But it did reach a crescendo of carnage and bloodletting. It merely represented sectarian distrust and fear one of the other translating into death, mutilation, horrors. And while it resulted in horrendous blights of human descent into madness, the results did not prove their permanence. The majority Iraqi Sunnis, witnessing the even greater ruthlessness and lack of humanity of the invading al-Qaeda jihadists experienced a revulsion greater than that they held for their Shia national counterparts.
That relative social peace that resulted lasted just about as long as the tripartite governance put in place with the encouragement of the United States was able to function. Until the Shia Prime Minister Nouri Maliki issued a warrant after the departure of the Americans, for the arrest of the Sunni Vice-president under the country's antiterrorism laws. The Al-Iraqiya parliamentary bloc representing Iraq's Sunnis had already withdrawn from the coalition.
Tariq al-Hashemi had issued his own accusations against Prime Minister Maliki, of abuse of power. He is now a wanted man, finding haven in Qatar. Now the majority Shia who were once repressed under the minority Sunni Baath party of Saddam Hussein who fought a long, destructive and bitter war with Iran, holds the reins of power. And has forged an amiable relationship with Iran. Placing Iraq alongside Syria, though not yet in the same league, within the Shia power bloc.
And as in Syria, al-Qaeda's new affiliate, recently renamed the Islamic State in Iraq and Syria, is intent on slaughtering Shia Muslim 'heretics' and restoring the country to Sunni rule. The country has been wracked in the last several months with co-ordinated, well-orchestrated car bombings, al-Qaeda's specialty. The odds are looking fairly convincing that the country will be again gripped on bloody sectarian violence, as it experienced in 2006 and 2007.

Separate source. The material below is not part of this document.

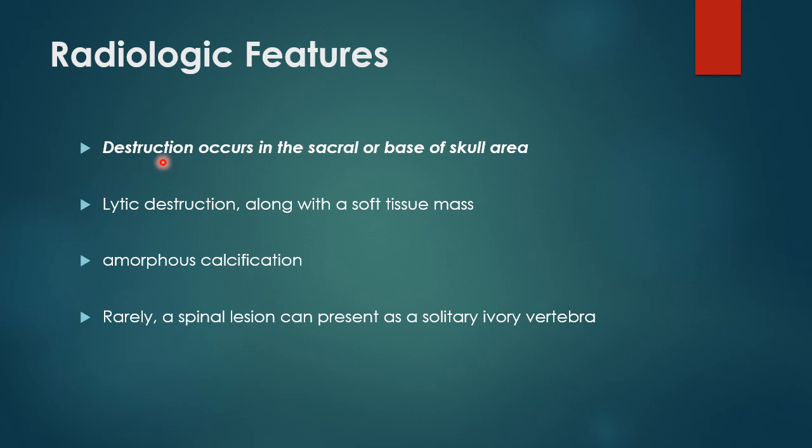Radiological features. Radiologically, the lesion presents with destruction involving either the sacrum or the base of the skull. The lesion presents as a lytic destructive lesion along with an adjacent soft tissue component. And if you look closely within the lesion, there will be areas of amorphous calcification. Rarely, a spinal lesion can present as a solitary ivory vertebral body.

A traffic policeman thought a car looked suspicious, parked close by a parking lot and alerted everyone on the street: "Car bomb!" Pedestrians responded immediately in a huge panic, not knowing where to run for shelter -- in which direction to rush, while cars turned about in confusion, clogging the streets, and drivers rolled down their car windows in anticipation of glass exploding inside the vehicle from the concussive force of a blast.

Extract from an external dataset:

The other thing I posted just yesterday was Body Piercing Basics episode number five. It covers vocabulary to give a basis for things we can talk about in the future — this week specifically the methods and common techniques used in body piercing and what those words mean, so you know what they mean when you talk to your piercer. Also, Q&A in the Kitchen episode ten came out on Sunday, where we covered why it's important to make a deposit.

And in four minutes the car did explode with a plume of black smoke wending toward the sky. Seven people were killed, over a dozen more injured. This was only one of a dozen explosions within the space of an hour that overtook the country on Wednesday morning. In total several days ago the bombs that struck in mostly Shiite areas killed 74 people. Before that day, in the days previous, ghastly scenes of beheaded bodies were being discovered.
That same Wednesday morning jihadists entered the home of a Shiite family in the Sunni-majority town of Latifiya and slaughtered seven people. Four children and three adults. All the members of that family had been decapitated. Security forces have embarked on operations dubbed "the revenge of the martyrs" in Sunni neighbourhoods. Hundreds of Sunni 'extremists' have been arrested; the government claims a bomb-making factory was discovered.
The rift between Sunni and Shiite Iraqis is marked and steadily widening; while Shia government moves have antagonized the Sunni community, they have barely effected the level of violence erupting through the country. Al-Qaeda's Internet videos of executions they carry out within Iraq have inspired fear and foreboding throughout the country. The 'martyrs' on each side of the equation are set to exact their revenge.
Iraqis now fear that within their own country -- exclusive of the Kurdish autonomous region -- there is no safety to be found; not in the markets, their restaurants, the neighbourhood sport fields; even children's soccer games are vulnerable to becoming targets for the jihadists.
And with the ongoing conflict in Syria, the further influx of refugees from that war-torn country where the atrocities are accelerating, it appears more and more likely that Iraq too will be swept into a cyclone of terror and vengeance killings.
The spreading malignancy of Islamism and its jihadist mentality of hatred and annihilation.